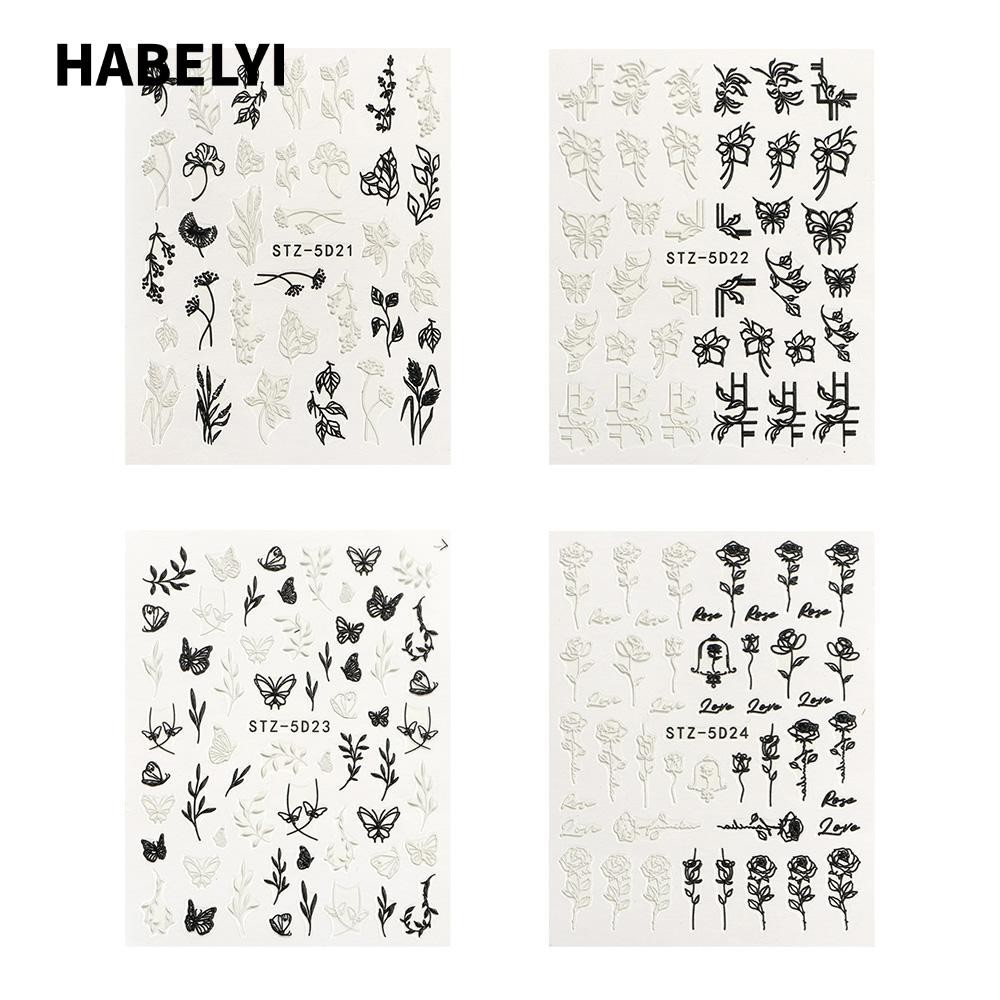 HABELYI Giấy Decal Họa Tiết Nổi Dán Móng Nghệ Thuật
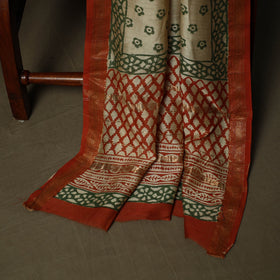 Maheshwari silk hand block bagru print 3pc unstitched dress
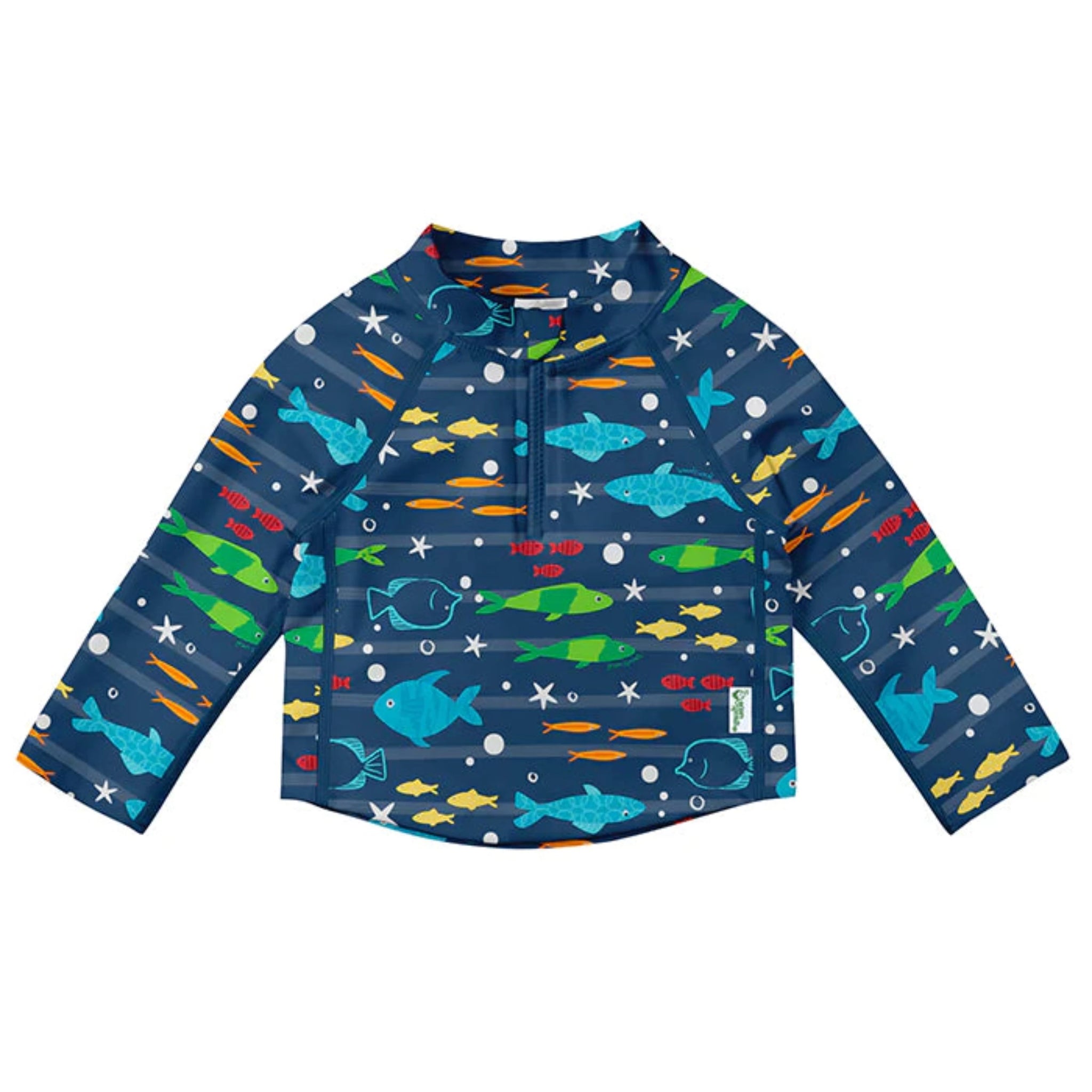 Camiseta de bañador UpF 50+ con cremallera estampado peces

● ● ● ● ●

WORK REQUIRED >>
Start to finish, write out the data above exactly, omitting all pictures.

ANSWER SPACE >>
 HABELYI Giấy Decal Họa Tiết Nổi Dán Móng Nghệ Thuật
 Maheshwari silk hand block bagru print 3pc unstitched dress
 Camiseta de bañador UpF 50+ con cremallera estampado peces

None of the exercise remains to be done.